As a preliminary step, the user has to introduce the operator <: as follows:

a <: b == a

This operator does not nothing else but returns its first argument, so the standard TLA+ tools will ignore the second argument, which contains a type annotation. Our model checker interprets the second argument of the operator <: as a type annotation. (This also means that you should not assign any other meaning to <: in your specifications.)

Further, the user may use <: to define types of problematic expressions, see the examples in Section 1.

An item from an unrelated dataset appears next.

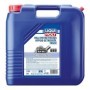LIQUI MOLY ACEITE ENGRANAJES 75W-90 20L mgiautoparts.com
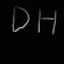 DH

The syntax for type annotations is given below. Note that these expressions should not be understood as sets of values, as one would expects from type invariants such as TypeOK. Rather, they are TLA+ expressions that are parsed by the model checker, in order to construct types.

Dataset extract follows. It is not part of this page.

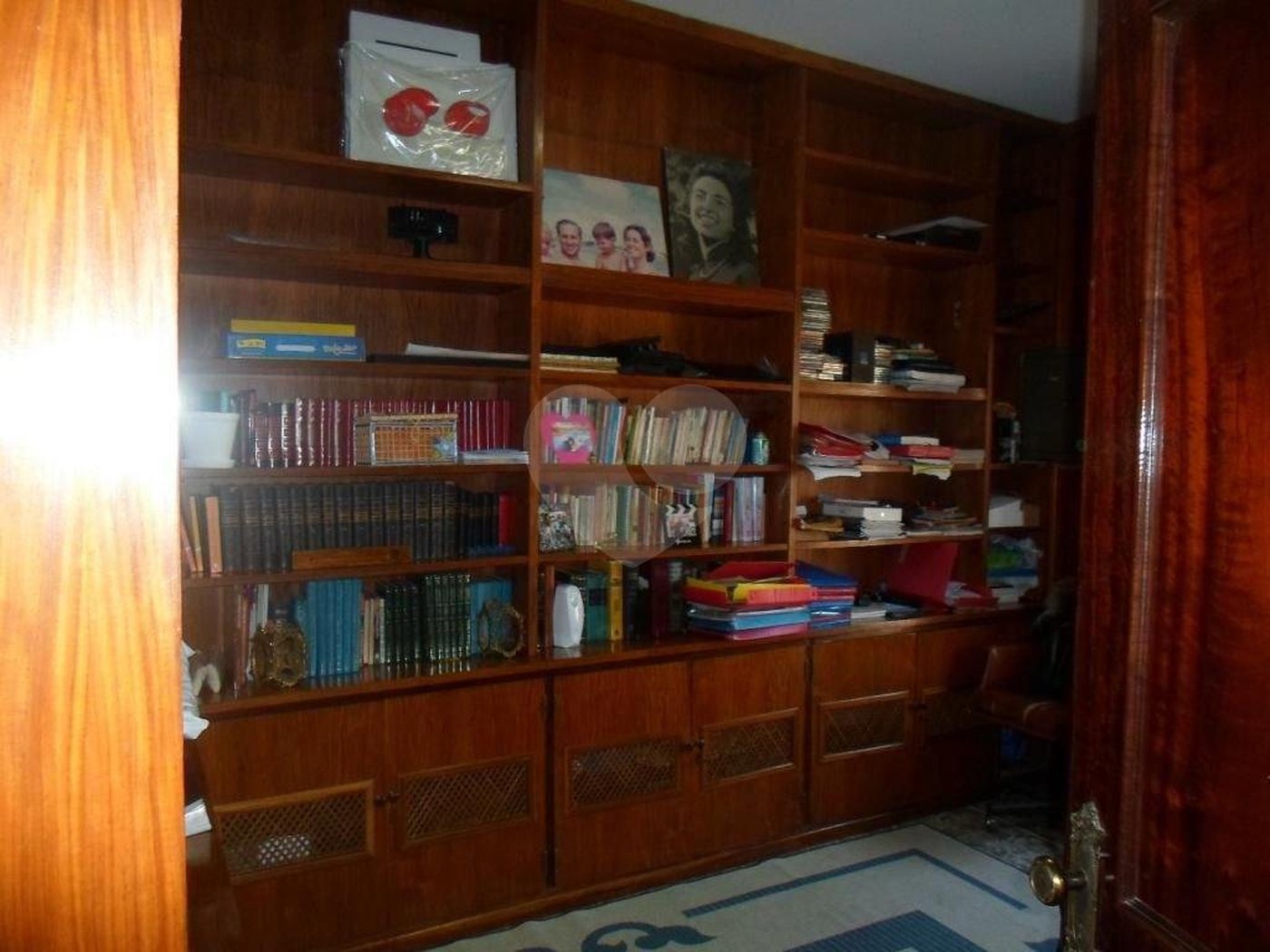 Sobrado à venda com 4 quartos, sendo 1 suíte,  em Jardim São Paulo(zona Norte), São Paulo, SP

The syntax of type annotations is as follows:

  1. Int specifies the integer type. For instance, x <: Int specifies that x is an integer, but not a set of integers.
  2. BOOLEAN specifies the Boolean type. Again, although we are using a set here, its purpose is to say that an expression is a Boolean, not a set of Booleans.
  3. STRING specifies the type of constants, e.g., "a" and "hello" are such constants.
  4. {T} specifies the set whose elements have type T. For instance, {Int} specifies a set of integers, whereas {{BOOLEAN}} specifies a set of sets of Booleans. Note that you should always use singleton sets in type annotations. For instance, {Int, BOOLEAN} would be immediately rejected. Hence, sets should contain the elements of the same type (there is some flexibility for records, see Section 1)
  5. [T_1 -> T_2] specifies the type of a function whose arguments have type T_1, and the results are of type T_2. Hence, a function should return the values of the same type.
  6. <<T_1, ..., T_k>> specifies the type of a k-element tuple whose elements have types T_1, ..., T_k respectively. Note that different fields of a tuple are allowed to have different types. In these sense, we differentiate them from the general functions.
  7. [f_1 |-> T_1, ..., f_k |-> T_k] specifies the type of a k-field record, whose field f_i is of the type T_i. The types T_1, ..., T_k may differ. Again, that makes them different from the general functions.
  8. Seq(T) specifies the type of finite sequences, whose elements are of type T. There are no restrictions on the sequence length, except finiteness. In theory, a sequence of type Seq[T] is no different from a function of type [Int -> T]. In practice, we use different encodings for the general functions and sequences.